Up until about a year ago, my life was all about my kids. I was a 24/7 stay at home mom. I didn’t have much of a life outside my house.
Then all at once I became really busy. I started a blog and a business. Suddenly I had so much to do I had no time to think about how everything was changing.
I like that I have my own life now, but I feel like I’ve completely lost control of my family. My husband used to be a weekend dad who worked until late at night or go out of town several times a month. Now that I’m working more he has stepped up and taken a bigger role in the parenting.
He’s a great dad, but let’s just say he has a different style.
When I went to Blogher in Chicago this summer my husband had the kids for less than 48 hours. I think they spent 24 of those 48 hours playing Wii and they managed to eat at In n Out or Islands several times.
Since then, it’s been “Dad is great. Give us the chocolate cake.”
Not that I’m competing, but how can I compete with that? I only let them play Wii for a couple of hours on Saturday and I won’t let them go to McDonald’s and I don’t even want them to eat beef more than once a week.
My husband has been spending so much time with the kids on the weekend that if I go to get in the car with them the boys look at me and say, “Are you coming?” And then look a little disappointed when I say yes. Because it usually means no In-N-Out chased by ice cream or cookies at Diddy Riese. (My husband can’t have gluten so he HAS to eat there because he can get a lettuce wrap hamburger and gluten-free fries.)
In my attempt to be the cool parent for the Veteran’s Day school holiday I told them right up front that if they went with me to the Science Center I would get them McDonald’s. Yes, McDonalds. I already had a humiliating experience with a preschool parent last year about giving my kids McDonalds, so I was clearly aware that this was not a good idea.
We ran into a friend and her kids there and when she saw me she looked flabbergasted at my choice of toxins. “What are you doing?” This is wrong on so many levels, she said. She was so right and I knew it.
I really wanted to have a super fun day with the boys. I wanted them to say “Mom is great.”
Which leads me to Saturday. I got tickets to the Premiere of “Planet 51.” This would be super cool and the kids would love it. Or so I thought. When I asked the 5-year-old if he wanted to go he didn’t even have to think about it. “No,” he said. “I don’t want to miss soccer.”
In that moment I realized that someone has to be the enforcer.
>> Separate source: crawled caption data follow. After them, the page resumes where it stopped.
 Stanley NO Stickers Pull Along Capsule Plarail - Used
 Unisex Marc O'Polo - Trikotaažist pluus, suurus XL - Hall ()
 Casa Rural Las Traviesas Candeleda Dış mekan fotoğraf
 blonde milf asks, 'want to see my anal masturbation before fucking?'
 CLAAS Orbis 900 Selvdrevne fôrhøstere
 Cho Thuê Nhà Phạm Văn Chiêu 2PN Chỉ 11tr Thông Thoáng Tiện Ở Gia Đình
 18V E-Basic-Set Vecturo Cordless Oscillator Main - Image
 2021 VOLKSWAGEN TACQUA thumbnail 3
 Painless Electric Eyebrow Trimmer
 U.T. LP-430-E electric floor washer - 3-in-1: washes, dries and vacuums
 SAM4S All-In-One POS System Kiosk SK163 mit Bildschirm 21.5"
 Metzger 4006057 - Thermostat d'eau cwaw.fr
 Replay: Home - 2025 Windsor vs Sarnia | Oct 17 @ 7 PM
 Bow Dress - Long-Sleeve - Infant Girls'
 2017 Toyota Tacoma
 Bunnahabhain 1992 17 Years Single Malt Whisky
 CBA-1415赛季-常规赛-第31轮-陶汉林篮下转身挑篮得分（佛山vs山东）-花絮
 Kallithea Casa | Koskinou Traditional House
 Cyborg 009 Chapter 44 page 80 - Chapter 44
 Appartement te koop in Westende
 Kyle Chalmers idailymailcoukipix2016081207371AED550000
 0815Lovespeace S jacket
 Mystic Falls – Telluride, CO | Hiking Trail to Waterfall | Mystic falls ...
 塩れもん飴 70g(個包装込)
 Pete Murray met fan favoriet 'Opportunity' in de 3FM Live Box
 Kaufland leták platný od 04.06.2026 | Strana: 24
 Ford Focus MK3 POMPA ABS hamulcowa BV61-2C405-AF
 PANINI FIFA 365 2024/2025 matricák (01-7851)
Someone has to make sure the kids eat fruits and vegetable and learn skills other than using a virtual light saber.
If I had thought about my kids and what was best for them and not what makes me look like fun mom, I never would have suggested it. He made a commitment to being on the team and it was his responsibility to go to all of the games.
Ugghh. Whether I’m trying to be the Enforcer or the Cool Mom, I can’t win.
On another note, The 4-year-old and I did end up going to the Planet 51 premiere Saturday. We hovered on the edge of the red carpet (which was actually green for the movie) and partook in the voluminous free junk food. My son loved the movie and I thought it was cute. I wasn’t crazy about a homophobic joke and a reference to plastic surgery. But other than that, it was good.